Inspiração - Reflexões
Ensinando a morrer (parte 3)
A sociedade não fala da morte, que é hoje um tabu. Você, no seu trabalho, convive com ela… Conta para a gente como é a morte? Se ela fosse um personagem, como seria?
Eu falo que a morte é o personagem mais amoroso que existe. Que a morte é o ser, a entidade, que mais sabe sobre a vida. Ele sabe o que é importante, o que não é, o que vale e o que não vale à pena. Ela nos ajuda a fazer escolhas muito mais verdadeiras. É muito generosa e amorosa – nos acompanha e tem paciência de esperar o nosso tempo. Se você der ouvidos para a sua morte e prestar atenção nela, sua vida fará muito mais sentido. Não importa se existe fé ou não… Não importa se existe a crença de que haverá outra vida… Eu vou ser a Ana Claudia só uma vez, ter essa existência espiritual uma vez. Esse minuto aqui não vai mudar. Acabou. Eu vivo a minha vida ao vivo, não estou editando para uma próxima vez. A morte é a melhor editora de cena que existe.

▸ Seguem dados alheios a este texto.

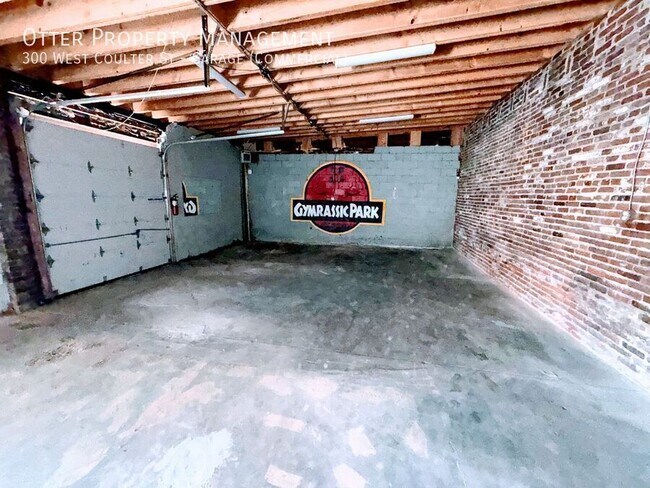 Photo - 300 W Coulter St Unit Garage (Commercial)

A ideia de que existe alguma coisa depois da morte… Você tem alguma opinião sobre isso?
Não tenho não. Eu me permito o desconhecido, aceito não saber o que vem depois. Ou se vem.

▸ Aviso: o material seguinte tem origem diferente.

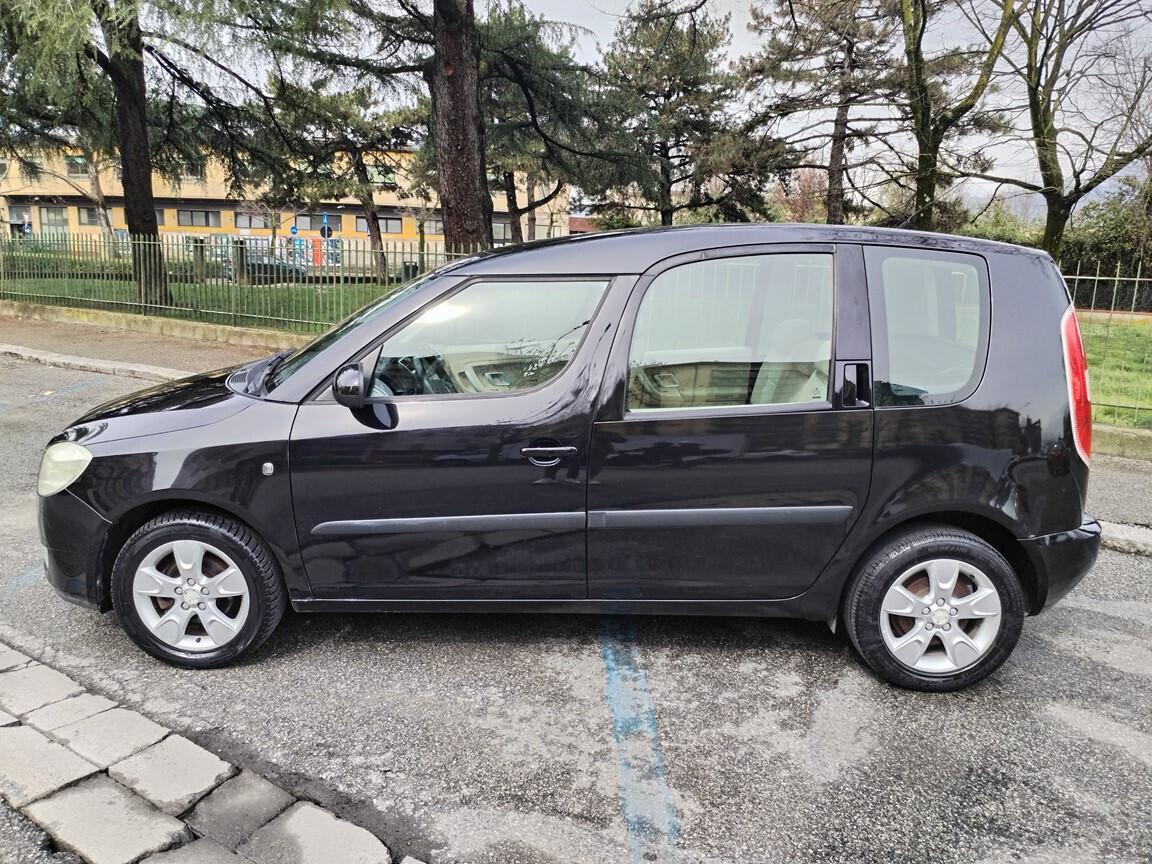 Skoda Roomster 1.4 16V Sport 90000km tetto panoramico consegna con manutenzioni fatte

Conviver com a morte fez de você uma pessoa de mais fé ou, pelo contrário, corrompeu a sua capacidade de ter fé?
Não sigo religião nenhuma, mas eu penso que a minha fé aumentou. A fé não é a certeza de que vá acontecer o que você quer que aconteça e sim de que vai acontecer o melhor, mesmo que não seja aquilo que se deseja. Para mim fé é isso. Eu vou fazer o meu melhor e vai acontecer o melhor. Se o melhor for morrer, é o que tem que acontecer.

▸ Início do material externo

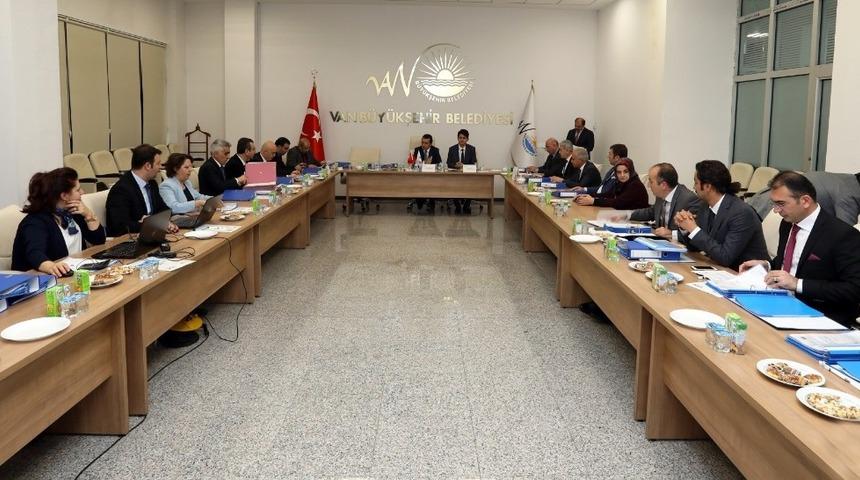 Van&rsquo;da &ouml;n&uuml;m&uuml;zdeki yıl i&ccedil;me suyuna zam yapılmayacak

Sabe que quando eu fui ao “Programa do Jô” ele me perguntou algo parecido? Terminou a entrevista e ele foi um amor, me abraçou demorado e perguntou se podia fazer mais uma pergunta. Então ele perguntou “e Deus? Você acredita em Deus?”. Aí eu falei “Ah, Jô, eu acredito, mas caso ele não exista eu estou fazendo a minha parte”. Ele ficou com os olhos cheios de lágrimas.
Como foi ser entrevistada pelo Jô? É uma conquista conseguir falar sobre um assunto tão tabu na TV aberta.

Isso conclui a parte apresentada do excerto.